A tent city for the homeless has developed in the shadow of the stadium where the games have been played.
Of all the homeless, 32 percent are from the indigenous population. The stolen Native lands where the games are being played have been the subjects of multiple lawsuits against the Canadian government. Justice has been denied for years.
Thousands of protesters have taken to the streets of Vancouver, demanding money for people’s needs. The city of Vancouver has appropriated over $6 billion for the games. This extraordinary amount being spent on the games, with over $1 billion going towards “security,” amounts to the plundering of the city’s public treasury while Vancouver faces growing homelessness, cuts to education and health care, and major infringements on the civil rights of community organizers.
Organizers of the protests have also called for a complete withdrawal of Canadian troops from Afghanistan.
The organizers of the demonstrations have been the victims of police harassment at home and at work.
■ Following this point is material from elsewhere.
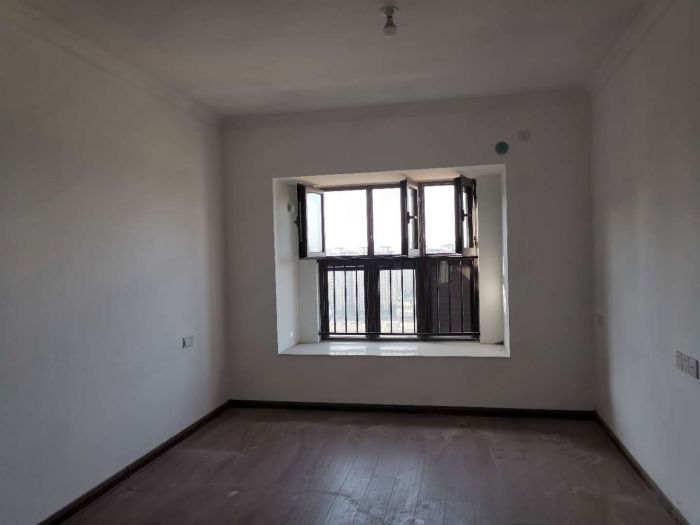 碧桂园时代悦城 4室2厅2卫 140m²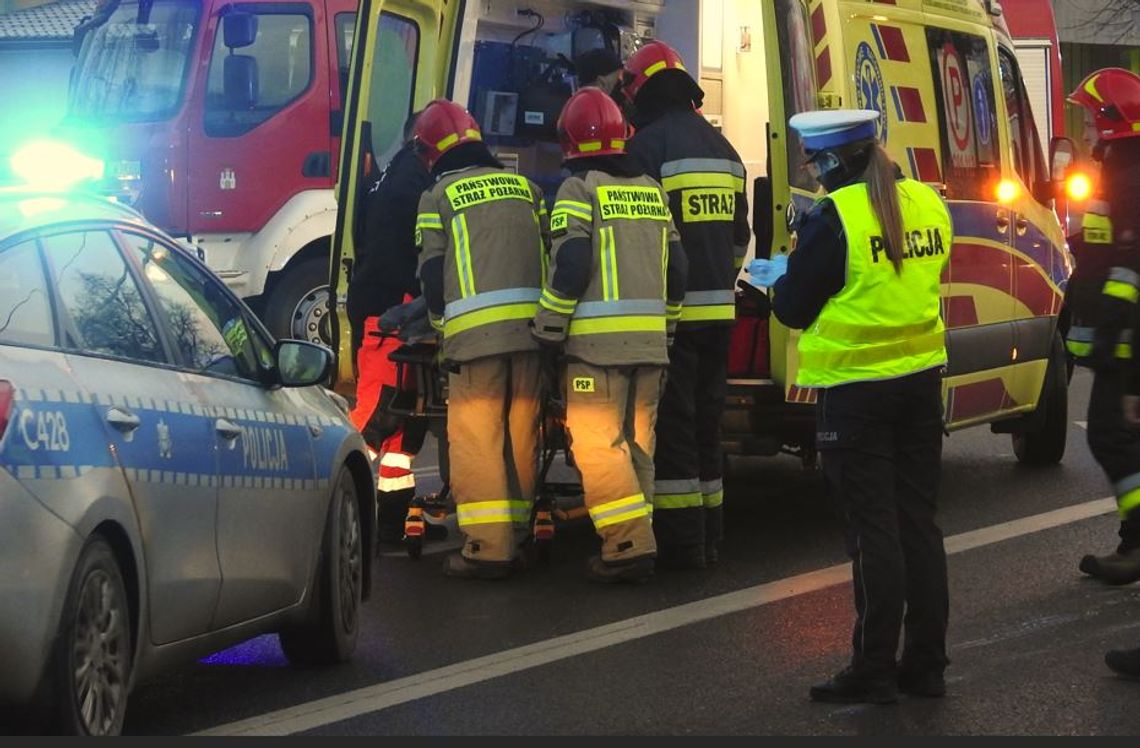 Włocławianina uderzył jeden samochód, a kolejny na niego najechał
Police have used undercover agents to spy on protesters, have initiated email and phone surveillance and have purchased the same sonic weaponry used against demonstrators at the G-20 summit in Pittsburgh in September 2009. The use of megaphones has been banned near Olympic events.
In Vancouver, like many other host Olympic cities, corporate firms in the tourism and real estate industries receive government aid while workers and oppressed people pay for the games in higher fees and taxes and the gutting of essential public services like housing.
The tremendous abilities and performances of trained athletes—and the enjoyment of the Olympics by millions of people—are a direct result of the disciplined individual effort of the participants and above all of humanity’s great advancements in technology and the production of wealth.
International sporting events like the Olympics have the potential to be occasions for all peoples to come together to celebrate our achievements and increase solidarity. Today, they function as a reflection of our possibilities and a reminder that the fight will go on until all workers and oppressed peoples have the right to, and equal access to, athletic activity all year long and until the day when people come before profits.